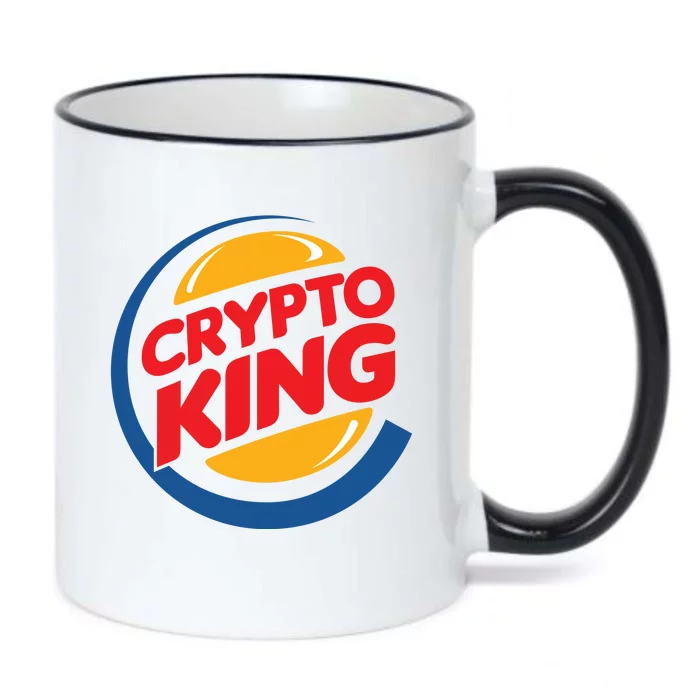 Funny Crypto King Logo Black Color Changing Mug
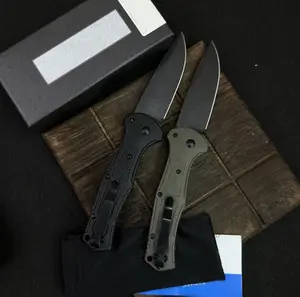 Button Lock Folding Utility Tool D2 Steel Blade Non-Slip Fiber Handle Outdoor Camping Fishing EDC Multi-Purpose Cutter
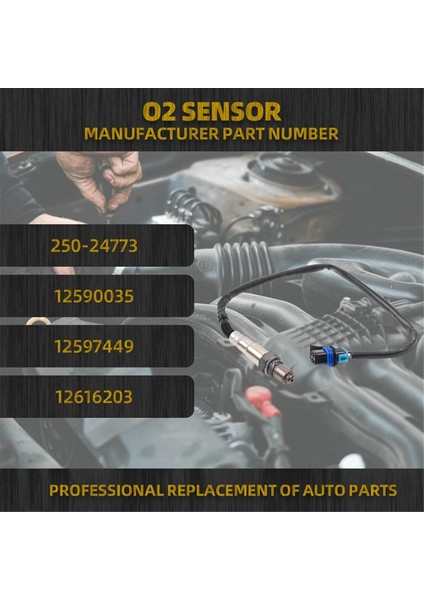 Cadillac Ats Cts Srx Xts Chevrolet Traverse Camaro Equinox Enclave Gmc Acadia Pontiac 250-24773 Için O2 Oksijen Sensörü (Yurt Dışından) indirimleri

- [Problem to solve]
Leaving the pictures out, output each line of the listing exactly.

- [Answer space]
 Funny Crypto King Logo Black Color Changing Mug
 Button Lock Folding Utility Tool D2 Steel Blade Non-Slip Fiber Handle Outdoor Camping Fishing EDC Multi-Purpose Cutter
 Cadillac Ats Cts Srx Xts Chevrolet Traverse Camaro Equinox Enclave Gmc Acadia Pontiac 250-24773 Için O2 Oksijen Sensörü (Yurt Dışından) indirimleri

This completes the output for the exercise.